RFR: 8338383: Implement JEP 491: Synchronize Virtual Threads without Pinning

Wed Nov 6 17:40:00 UTC 2024

On Sat, 26 Oct 2024 02:15:29 GMT, Dean Long <dlong at openjdk.org> wrote:

> > On failure to acquire a monitor inside `ObjectMonitor::enter` a virtual thread will call freeze to copy all Java frames to the heap. We will add the virtual thread to the ObjectMonitor's queue and return back to Java. Instead of continue execution in Java though, the virtual thread will jump to a preempt stub which will clear the frames copied from the physical stack, and will return to `Continuation.run()` to proceed with the unmount logic.
> 
> During this time, the Java frames are not changing, so it seems like it doesn't matter if the freeze/copy happens immediately or after we unwind the native frames and enter the preempt stub. In fact, it seems like it could be more efficient to delay the freeze/copy, given the fact that the preemption can be canceled.
>
The problem is that freezing the frames can fail. By then we would have already added the ObjectWaiter as representing a virtual thread. Regarding efficiency (and ignoring the previous issue) both approaches would be equal anyways, since regardless of when you freeze, while doing the freezing the monitor could have been released already. So trying to acquire the monitor after freezing can always succeed, which means we don't want to unmount but continue execution, i.e cancel the preemption.

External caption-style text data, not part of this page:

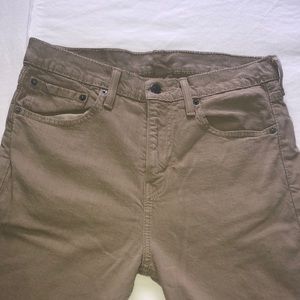 Levi's Jeans - Men’s Levi Skinny jeans Levi's Jeans - Men’s Levi Skinny jeans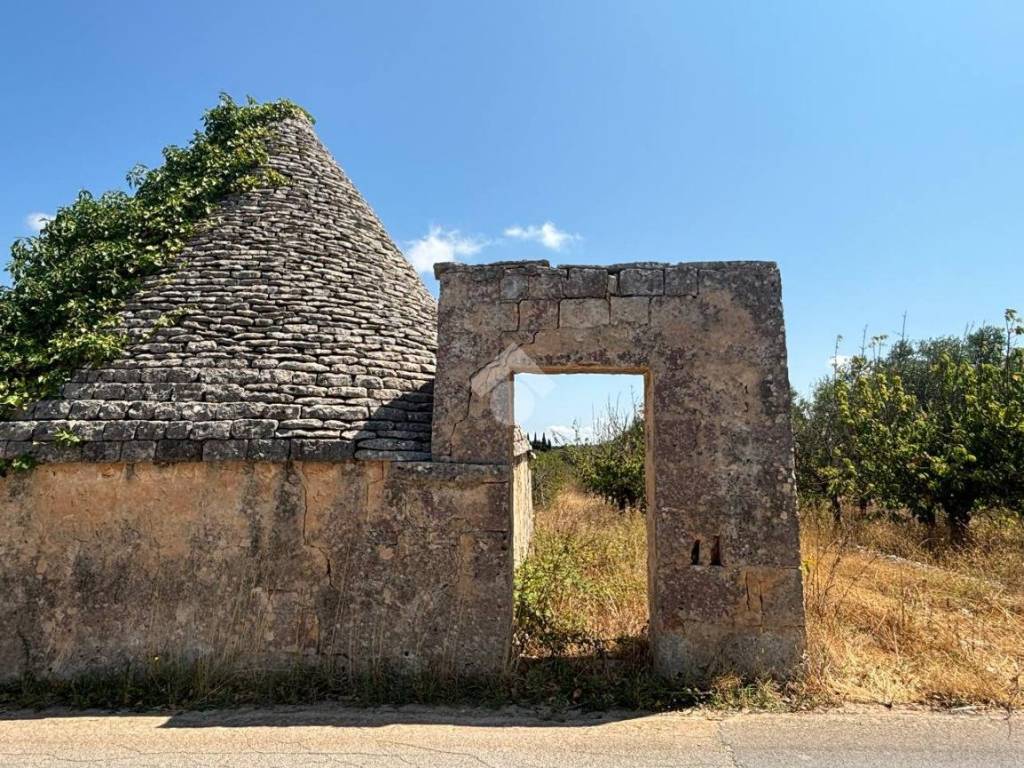 Rustico / casale a Alberobello in Contrada Lo Prete, 1 - Foto 4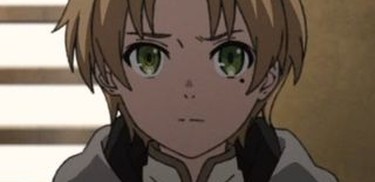 Mushoku Tensei: Jobless Reincarnation - Rotten Tomatoes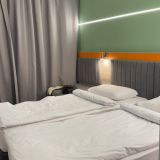 Отель 3А Казань Аэропорт, фото гостя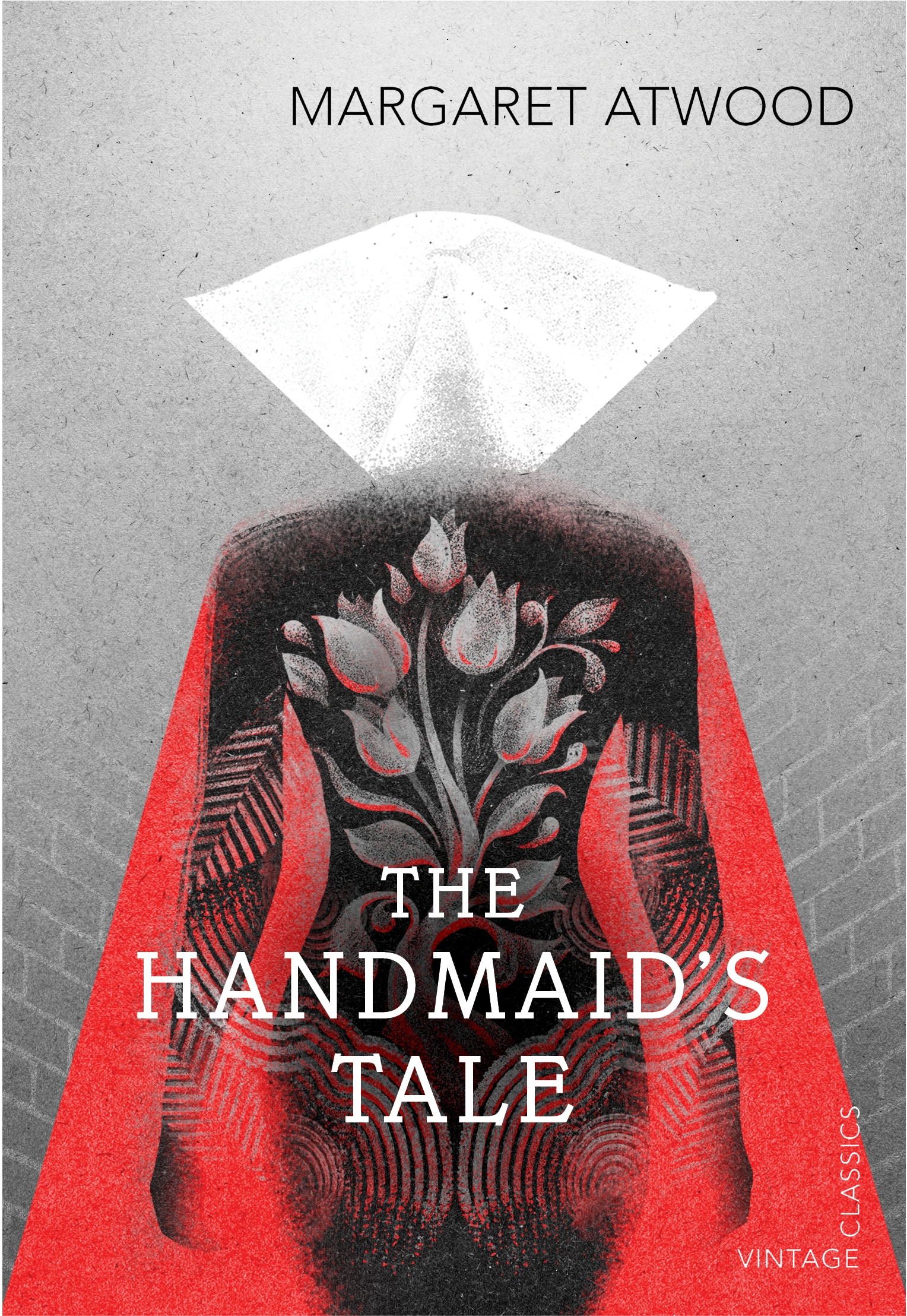 Image result for the handmaid's tale book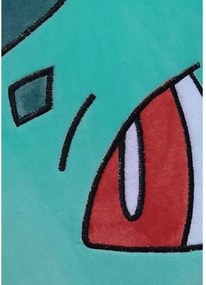 Μαξιλάρι Pokémon Πράσινο πολυεστέρας Παιδικά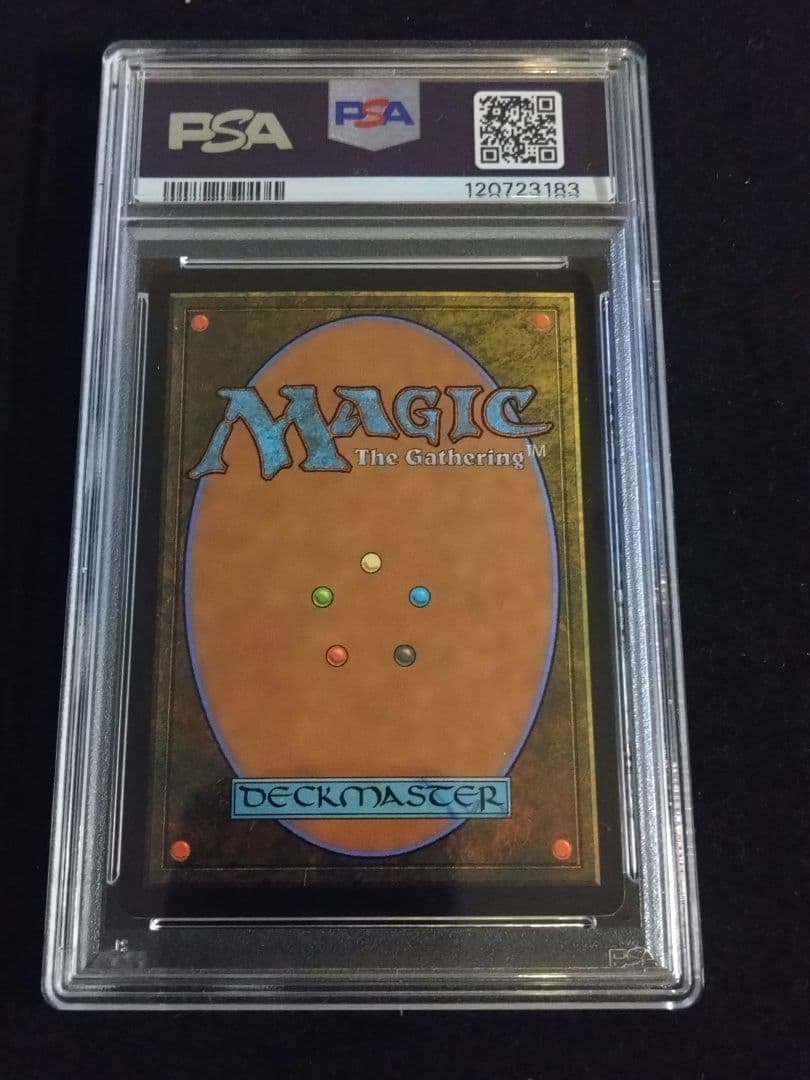 PSA10 ユウナのガード、ティーダ サージ Foil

>It sounds like freeze/thaw isn't preserving FP, even though it is a callee-saved register according to the ABI. If the stubs tried to modify FP (or any other callee-saved register) and use that value after the native call, wouldn't that be a problem?
>
Yes, that would be a problem. We can't use callee saved registers in the stub after the call. I guess we could add some debug code that trashes all those registers right when we come back from the call. Or maybe just adding a comment there is enough.

> src/hotspot/cpu/aarch64/c1_Runtime1_aarch64.cpp line 191:
> 
>> 189:   // must restore the rfp value saved on enter though.
>> 190:   if (use_pop) {
>> 191:     ldp(rfp, lr, Address(post(sp, 2 * wordSize)));
> 
> leave() also calls authenticate_return_address(), which I assume we still want to call here.
> How about adding an optional parameter to leave() that will skip the problematic `mov(sp, rfp)`?

Right. I added it here for now to follow the same style in all platforms.

> src/hotspot/cpu/aarch64/continuationFreezeThaw_aarch64.inline.hpp line 133:
> 
>> 131: 
>> 132: inline void FreezeBase::prepare_freeze_interpreted_top_frame(const frame& f) {
>> 133:   assert(*f.addr_at(frame::interpreter_frame_last_sp_offset) == 0, "should be null for top frame");
> 
> Suggestion:
> 
>   assert(f.interpreter_frame_last_sp() == nullptr, "should be null for top frame");

Changed, here and in the other platforms.

> src/hotspot/cpu/aarch64/continuationFreezeThaw_aarch64.inline.hpp line 135:
> 
>> 133:   assert(*f.addr_at(frame::interpreter_frame_last_sp_offset) == 0, "should be null for top frame");
>> 134:   intptr_t* lspp = f.addr_at(frame::interpreter_frame_last_sp_offset);
>> 135:   *lspp = f.unextended_sp() - f.fp();
> 
> Suggestion:
> 
>   f.interpreter_frame_set_last_sp(f.unextended_sp());

Changed, here and in the other platforms.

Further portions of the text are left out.